Standing there, preparing to unfurl the fly line, it looks as if it should all be so easy. But then, the process of fooling a fish that has survived in this harsh environment for thousands upon thousands of years should not be easy. And so it proves. Time and again, the fish refuse the fly like they’ve seen it all before. I’m starting to lose heart when Guillaume sidles up next to me and produces a small, very sparsely tied sedge pattern. It’s not totally unlike the one I have on. “Try this one,” he urges. “Is tied with plume from my own coq.” The bird, I would later discover, goes by the name of Julio and is something of a local celebrity. It’s a limousin bleu, one of a select number of local birds bred specifically for fly tying.
Out goes the fly, landing perfectly in a pocket of slack water in which fish have been continually rising. About three-and-a-half seconds is all it takes before the fly disappears in a boil of water. “Impact!” exclaims Guillaume, as the fish makes off downstream.

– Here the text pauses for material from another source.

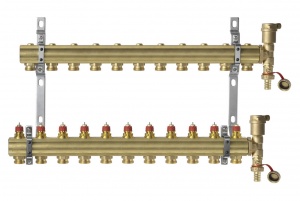 DANFOSS, Коллекторная группа FHF-11 set с клапанными вставками, 11 контуров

It seems Don Julio’s magnetism spreads far beyond the avian kingdom. The fish bores into the deep channel at the centre of the river, and I can feel its head shaking as I pray Guillaume’s invention holds fast. Fortunately, it’s not long before the fish surrenders in the shallows. With its dark flanks, deeply coloured by the water’s dissolved volcanic minerals, it’s the perfect representation of a wild Cantal trout. If it had been my only fish of the day, I’d have been happy.
But the fish keep rising, and we manage to fool a handful more before someone flicks a switch, the fish retreat and a clap of thunder echoes through the valley. Before long the rain has returned, and we’re back in the safety of Guillaume’s Peugeot. Tomorrow’s another day in the mountains and I feel sure we’ll have the river all to ourselves again.